The draft also provides for the liability of the parent company for the consequences of issuing binding instructions that are executed by a subsidiary within the group. This liability extends to the subsidiary itself, its creditors, and its minority shareholders.

Specific Legal Instruments for Group Management

In addition to binding instructions, the draft includes provisions enabling effective management of the group by the parent company, such as:

a) the parent company’s right of access to information about its subsidiaries (Article 216). This is particularly important where the subsidiary is a joint-stock company. Otherwise, such broad access would be excluded under Article 428 of the CCC;

b) the right of the parent company’s supervisory board to conduct ongoing supervision of subsidiaries in matters relating to the group’s interest (Article 217);

c) the right to a compulsory buyout of shares or stock held by minority shareholders in the subsidiary (squeeze-out — Article 2111).

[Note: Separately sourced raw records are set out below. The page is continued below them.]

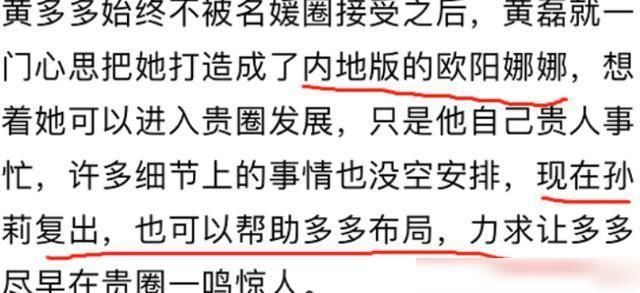 孙莉为补贴家用复出？接班黄磊继续捧女儿黄多多疑不被名媛圈接受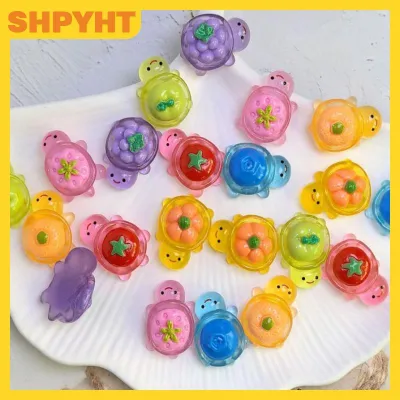 SHPYHT 30pcs sáng mini nhựa Rùa phát sáng trong bóng tối thu nhỏ trang trí cho aquascaping cổ tích vườn cảnh quan
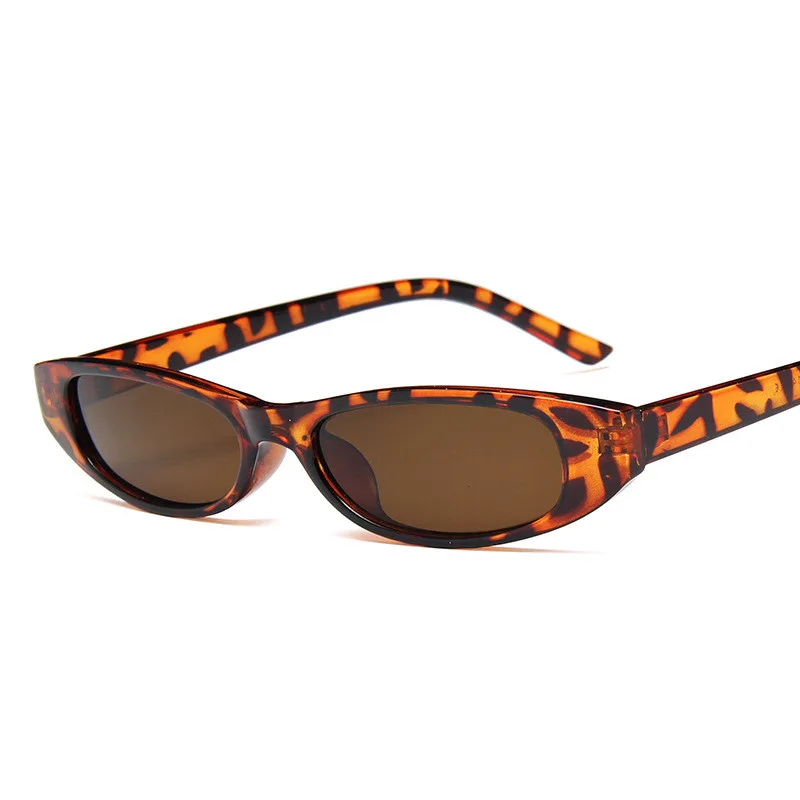 Trendy Cat Eye Metal Hinged Glasses - Leopard Frame Tea Tablets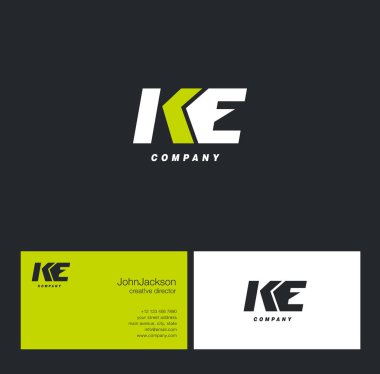 K ve E mektup Logo  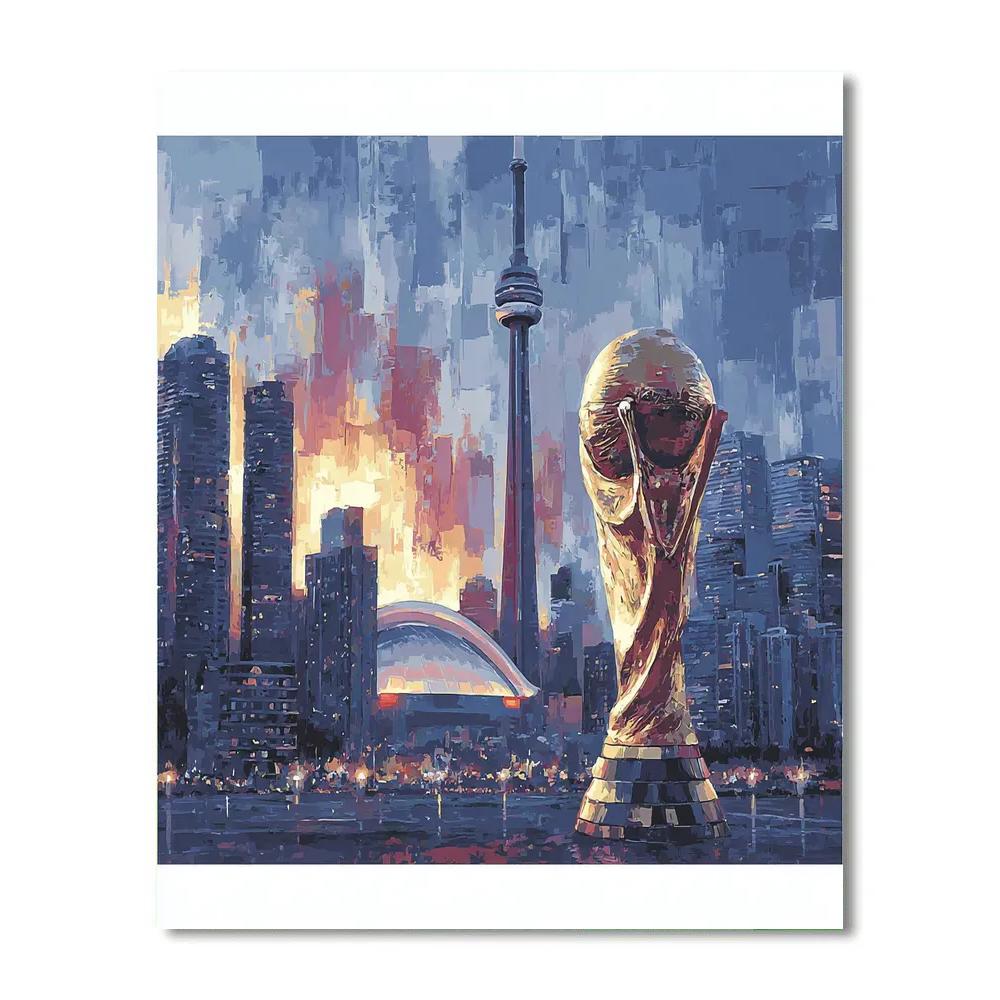 Toronto Fifa 2026 Glow paint by color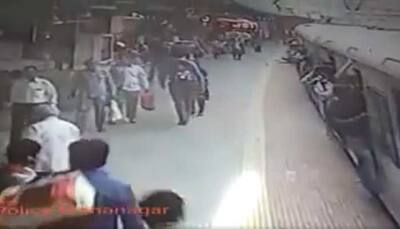 Alert RPF constable saves woman from getting crushed under a train, Railway Minister calls it 'heroic'- Watch
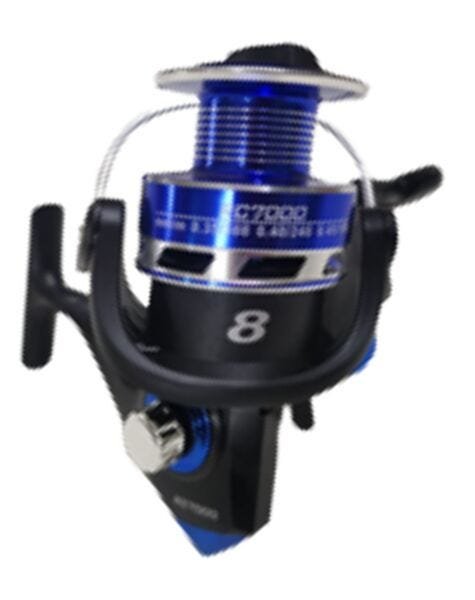 Kit Pesca De Praia Vara 3,30m 50lb, Molinete 4000, Linha - 3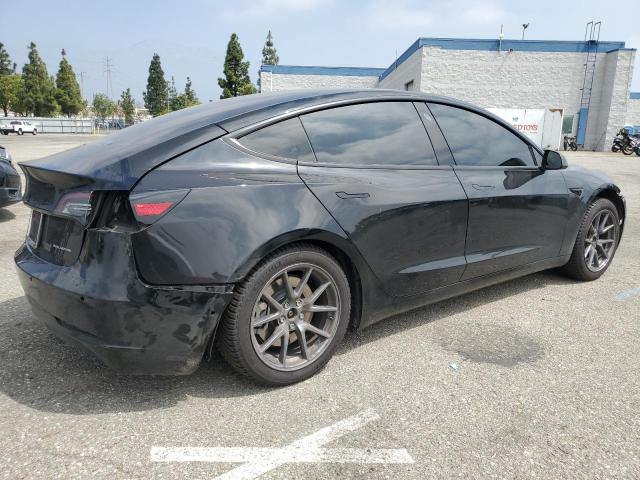 5YJ3E1EB5MF003076 - 2021 TESLA MODEL 3 BLACK photo 3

Protection of Minority Shareholders

Specific provisions aimed at protecting minority shareholders of subsidiaries include:

a) the obligation for subsidiaries to prepare an annual report on their relations with the parent company, including all binding instructions received (Article 218). This may also serve to protect the subsidiary’s creditors;

b) the right to request that the registry court appoint an entity authorised to audit financial statements to review the accounting and operations of the corporate group (Article 219);

c) the right to a compulsory sale of shares or stock held by minority shareholders (sell-out — Article 2110).

New Powers of Supervisory Boards

The proposed regulation creates legal conditions conducive to strengthening oversight exercised by owners and supervisory boards. With real access to accurate and comprehensive information about the company, these bodies will be able to professionally engage in meaningful discussions with management.

In addition, the draft includes provisions for:

a) clarifying the terms of office and mandates of management board members;

b) introducing a duty of loyalty and confidentiality even after the expiration of a supervisory board member’s term;

c) enshrining the Business Judgement Rule in the CCC;

d) extending Article 203 § 3 and Article 307 § 3 to include new cases of mandate expiration;

systematising rules for adopting resolutions and holding meetings of management and supervisory boards.

Selected Proposed Amendments to the Commercial Companies Code:

A. Management board’s obligation to provide certain information to the supervisory board on its own initiative;
B. Clarification of the supervisory board’s right to request information, documents, reports or explanations;
C. Right to appoint a supervisory board adviser without management board involvement;
D. Approval requirement for significant transactions with the parent company, subsidiaries, or affiliates;
E. Clarification of terms of office and mandates of management board members;
F. Duty of loyalty and confidentiality even after the expiry of a supervisory board member’s term;
G. Introduction of the Business Judgement Rule into the CCC;
H. Expansion of Article 203 § 3 and Article 307 § 3 to include additional cases of mandate expiration;
I. Procedural provisions — obligation to minute resolutions adopted via remote communication, and determination of the voting majority for resolutions of a limited liability company’s supervisory board.